Her head drops against her knees. Say something useful! her mind rages at them, but it is just the same sort of almost gossipy snippets as before.
"...damn cat..."
She listens intently after that, but doesn't catch anything more about the cat, either, and the voices fade again.
Time is often of the essence, when it comes to missing persons, and Draco knows this better than most. The tracking potion is designed to be quick to brew, for that very reason, and before long he's adding the strands of hair and smirking in satisfaction at the finished potion. "Essence of Granger," he muses, dipping the crystal pendant into the still-bubbling potion. There's a brief flash, and he draws it out quickly, then brings it up to eye level, watching the arrow form within it.
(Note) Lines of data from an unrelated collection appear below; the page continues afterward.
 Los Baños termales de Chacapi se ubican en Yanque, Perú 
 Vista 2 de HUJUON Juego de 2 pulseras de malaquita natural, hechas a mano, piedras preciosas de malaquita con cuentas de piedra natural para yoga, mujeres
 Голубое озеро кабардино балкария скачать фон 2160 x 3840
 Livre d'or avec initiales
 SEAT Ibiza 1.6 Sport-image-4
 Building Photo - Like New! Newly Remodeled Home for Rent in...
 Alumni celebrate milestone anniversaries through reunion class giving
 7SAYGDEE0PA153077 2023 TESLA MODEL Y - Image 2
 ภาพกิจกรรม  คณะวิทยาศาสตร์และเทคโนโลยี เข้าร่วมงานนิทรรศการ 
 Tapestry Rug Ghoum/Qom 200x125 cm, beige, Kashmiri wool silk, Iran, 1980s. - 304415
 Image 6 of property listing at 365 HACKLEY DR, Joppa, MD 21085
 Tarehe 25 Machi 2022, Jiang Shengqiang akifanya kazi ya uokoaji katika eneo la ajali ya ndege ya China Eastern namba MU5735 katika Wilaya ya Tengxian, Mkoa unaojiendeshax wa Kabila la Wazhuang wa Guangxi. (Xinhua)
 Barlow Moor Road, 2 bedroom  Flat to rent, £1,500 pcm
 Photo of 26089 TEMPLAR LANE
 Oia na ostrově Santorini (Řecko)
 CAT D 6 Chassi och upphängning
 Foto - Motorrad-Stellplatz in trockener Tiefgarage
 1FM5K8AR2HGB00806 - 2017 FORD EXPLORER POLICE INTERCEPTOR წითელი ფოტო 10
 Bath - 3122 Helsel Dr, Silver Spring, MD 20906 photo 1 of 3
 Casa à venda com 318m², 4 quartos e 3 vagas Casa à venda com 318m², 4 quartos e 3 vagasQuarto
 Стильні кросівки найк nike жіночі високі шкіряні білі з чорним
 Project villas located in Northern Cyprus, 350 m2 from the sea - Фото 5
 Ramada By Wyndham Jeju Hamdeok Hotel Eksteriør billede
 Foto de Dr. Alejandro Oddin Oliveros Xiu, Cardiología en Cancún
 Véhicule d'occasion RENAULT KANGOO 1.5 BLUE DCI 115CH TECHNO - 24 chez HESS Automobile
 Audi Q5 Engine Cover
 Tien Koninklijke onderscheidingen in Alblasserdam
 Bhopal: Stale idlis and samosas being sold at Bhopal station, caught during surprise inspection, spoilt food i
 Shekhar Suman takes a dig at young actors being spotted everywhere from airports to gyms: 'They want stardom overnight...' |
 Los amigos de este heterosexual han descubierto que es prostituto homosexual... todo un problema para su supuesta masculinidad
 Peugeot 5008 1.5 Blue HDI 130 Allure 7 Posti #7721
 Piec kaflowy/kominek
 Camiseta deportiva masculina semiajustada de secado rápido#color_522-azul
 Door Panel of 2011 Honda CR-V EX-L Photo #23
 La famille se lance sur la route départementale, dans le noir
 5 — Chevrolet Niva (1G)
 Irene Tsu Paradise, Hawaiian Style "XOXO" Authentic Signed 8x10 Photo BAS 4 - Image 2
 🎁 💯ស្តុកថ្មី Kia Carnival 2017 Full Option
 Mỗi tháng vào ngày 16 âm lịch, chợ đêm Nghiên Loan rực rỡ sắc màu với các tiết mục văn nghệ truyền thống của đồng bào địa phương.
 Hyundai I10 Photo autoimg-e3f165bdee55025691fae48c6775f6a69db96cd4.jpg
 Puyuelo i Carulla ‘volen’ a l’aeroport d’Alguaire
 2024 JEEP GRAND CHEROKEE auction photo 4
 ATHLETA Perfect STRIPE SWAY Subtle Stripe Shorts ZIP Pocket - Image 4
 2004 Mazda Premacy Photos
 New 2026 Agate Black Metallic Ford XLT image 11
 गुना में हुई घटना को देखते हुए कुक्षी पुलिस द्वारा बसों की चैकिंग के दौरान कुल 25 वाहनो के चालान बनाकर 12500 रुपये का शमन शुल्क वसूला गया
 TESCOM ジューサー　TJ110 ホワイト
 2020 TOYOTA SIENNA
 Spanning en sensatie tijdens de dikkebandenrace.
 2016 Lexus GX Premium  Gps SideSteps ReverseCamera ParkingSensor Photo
He draws the chain over his head, the pendant falling to just below his collarbones, and sets out to locate the missing librarian.
Hermione keeps listening, but the voices can't be heard any more. She's starting to feel a little light-headed. She shifts her feet again, trying to keep some feeling in them and shifts herself as best she can to try and explore her small prison. She isn't sure her hands can hold anything since she can't feel them but perhaps she can find something to cut through the rope. It's doubtful. Her captors were no doubt thorough in removing anything useful, but she should at least try - should have tried hours ago no doubt. Her head isn't feeling very clear, there's a peculiar light-headedness to how she feels reminding her that she never got to eat the supper she picked up on the way home from the grocer yesterday? She presumes it was yesterday. It could have been longer. She doesn't know.
It's past dark by the time Draco reaches the warehouse district, and a fog has rolled in, which he finds almost comforting. The fog will help hide his spells if any Muggles are about, and he orients again on the warehouse, the little arrow (Gryffindor red) pointing straight at it, pulsing slowly within the crystal, in time to the woman's heartbeat now that he's close enough. He doesn't allow the thought to process of just how disturbing that slow pulsing is, shoving aside the odd flash of concern for later consideration. He doesn't have time to wonder about that concern, not when there's fighting to do. Pulling something from his pocket, he rolls it under the door, then attaches another something to his ear: Extendable Ears. The Weasel's brother made the best business decision of his life when he took that Ministry contract, and as annoying as the twins were, Draco can appreciate their particular brilliance at moments like this.
The lackeys are sitting around playing cards. Their boss has left them here to go and have another little 'chat' with Jane. He was strict in his orders that they not have words with their prisoner. The librarian, he has decided, is to be left to him. What Hermione heard earlier was a bit of their speculation and growsing about that. She's still trying to listen, but the voices are faint and they don't always register. She's dropped off more than once in the past hour or two.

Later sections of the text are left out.